I Am Number Four
In the beginning there were nine of us.
Three are gone, dead.
There are six of us left.
They are hunting us, and they won’t stop until they’ve killed us all.
I am Number Four.
I know that I am next.
John Smith has been on the run all his life, alongside his guardian Henri. Every time “they” have come closer, John and Henri have had to drop everything, pack up and go and John has had to take on a new identity. Because John is no ordinary teenager; he is a native of Lorien, a planet similar to Earth which he had to escape when the planet was invaded then destroyed by Magadorians. Now they are after him and the other eight children that left Lorien with their guardians. After a quick exit from Florida, John and Henri end up in Paradise, Ohio, and after an encounter with lovely Sarah on his first day of school, John decides that this might be a good time to try to settle down and fit in into a place. After all, once cannot run for ever. But it soon becomes clear that things might be catching up with John and Henri after all.

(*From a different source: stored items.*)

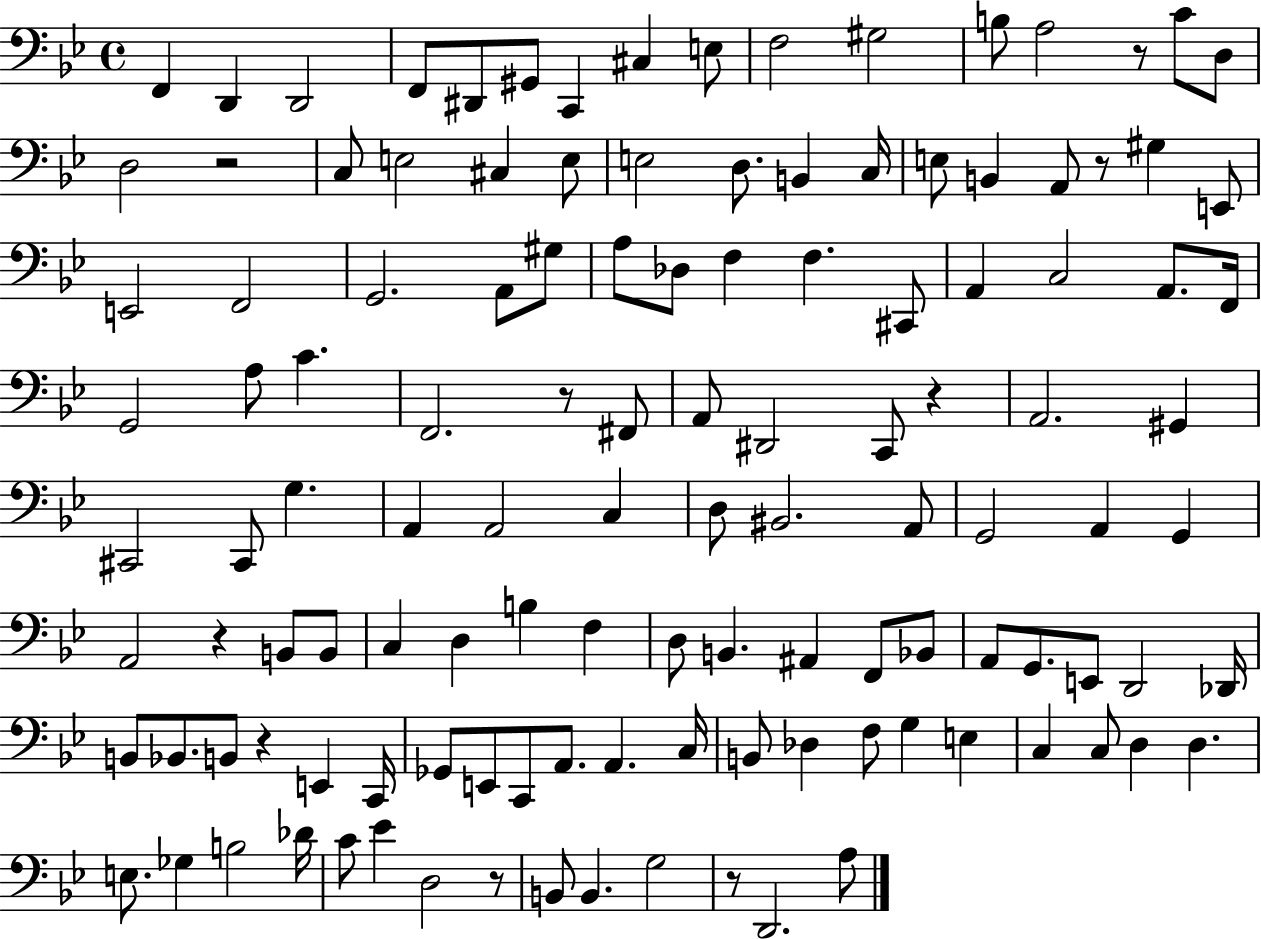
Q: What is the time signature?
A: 4/4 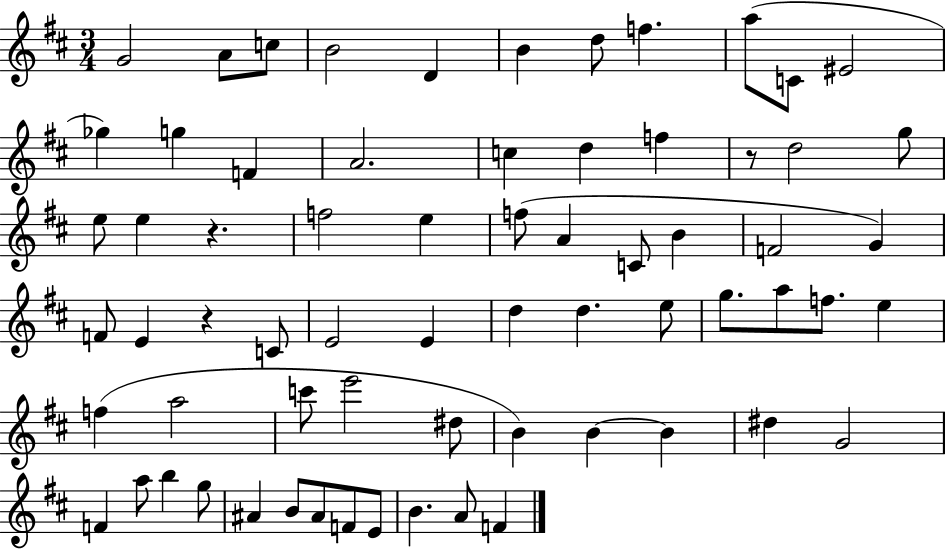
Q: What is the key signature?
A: D major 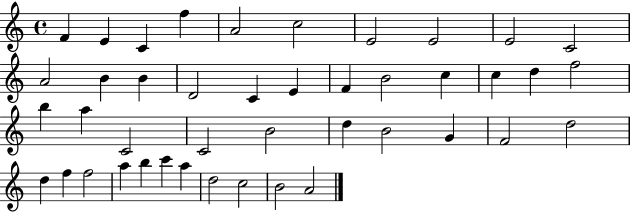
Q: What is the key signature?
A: C major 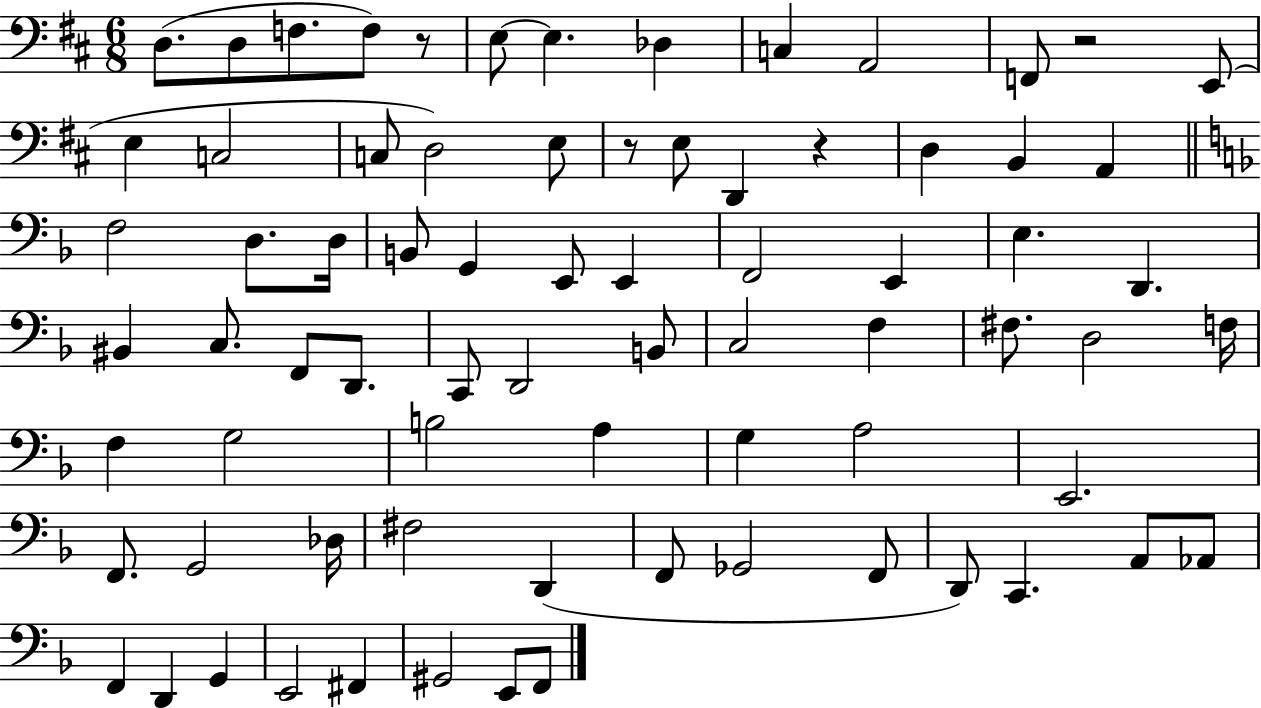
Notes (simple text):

D3/e. D3/e F3/e. F3/e R/e E3/e E3/q. Db3/q C3/q A2/h F2/e R/h E2/e E3/q C3/h C3/e D3/h E3/e R/e E3/e D2/q R/q D3/q B2/q A2/q F3/h D3/e. D3/s B2/e G2/q E2/e E2/q F2/h E2/q E3/q. D2/q. BIS2/q C3/e. F2/e D2/e. C2/e D2/h B2/e C3/h F3/q F#3/e. D3/h F3/s F3/q G3/h B3/h A3/q G3/q A3/h E2/h. F2/e. G2/h Db3/s F#3/h D2/q F2/e Gb2/h F2/e D2/e C2/q. A2/e Ab2/e F2/q D2/q G2/q E2/h F#2/q G#2/h E2/e F2/e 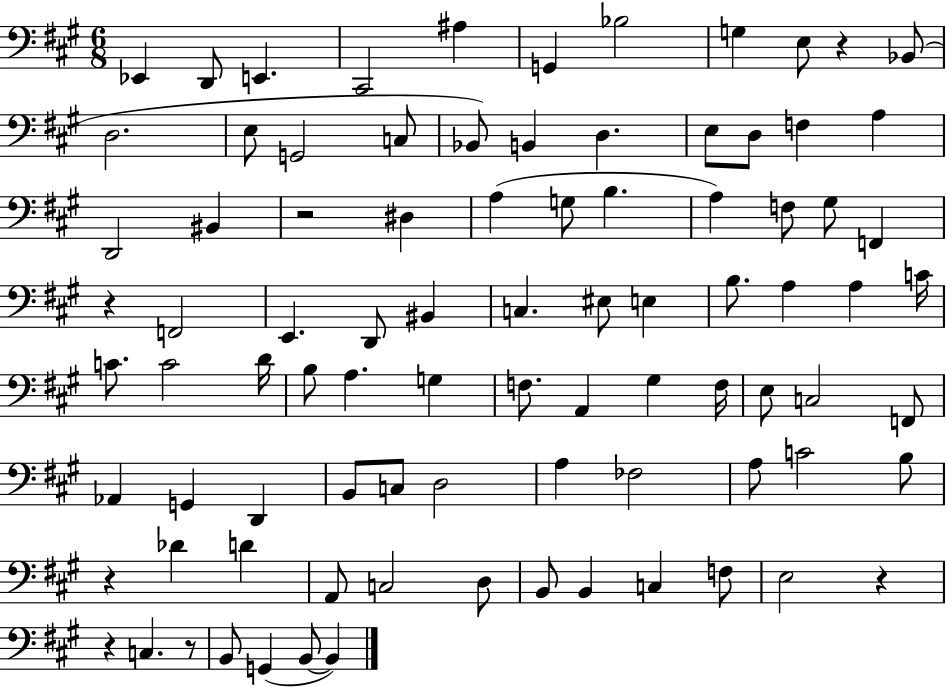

I Am Number Four is a really enjoyable, pacy thriller. I am not into sci-fi usually, and definitely not into “alien stuff” but I was drawn it into the story from the start. Number Four is a really loveable, well-drawn character (I was a bit annoyed that I already knew that Alex Pettyfer was going to play him in the movie adaptation because that prevented me from creating my own picture of him though) and his relationship with Henri was one of the successes of the book. His dog Bernie Kosar, however, steals the show and turns out to be even greater towards the end of the story. Great dog characters bring a real edge to a story (remember Manchee from The Knife of Never Letting Go?)!
The story can be patchy at times and there are some clichés. I thought that John and Sarah’s relationship developed rather quickly for a start, and that Sam’s obsession with anything-alien was a bit too convenient. Also I thought that the fire at Mark’s felt out of place, fabricated solely so that John’s powers could be exposed, which resulted in an odd change of pace in the story. But there is still an energy to the story that really makes you reading more. I read somewhere someone that described it as “Smallville meets Heroes” and I think this is a fairly accurate description. You can really see why Spielberg has chosen to produce a movie adaptation, even before the book was released.
I’d like to think that there is an ecological warning to be taken from this book too, with the Magadorians being the most unecological book characters ever. But the mark they have left on their own planet and then Lorien brings a warning as well as a metaphor for what our lack of responsibility might result in. Maybe I am looking too much into it? I don’t know, I’d like to think I’m not the only one to have thought that!
The book is allegedly written by Pittacus Lore, who is a Loric Elder. This is a pseudonym (obviously!) and the book is actually a collaboration of two novelists, James Frey and Jobie Hughes (Frey is mostly known for having been exposed for fabricating great chunks of his “memoir” on drug addiction). I don’t think you can actually see any difference between the writings of the two authors.
Overall, this was a really enjoyable read, and one that I felt compelled to read on until its conclusion. I found myself quite fascinated by Lorien and what might have happened on the day that the children and their Cepans left the planet. Therefore I very much look forward to reading the second volume of the Lorien Legacies!
In the meantime, the movie will be out in February 2011.
(PS: as the photo shows, I was lucky enough to get a limited-edition proof of the book. So my thanks to Puffin; I love it!)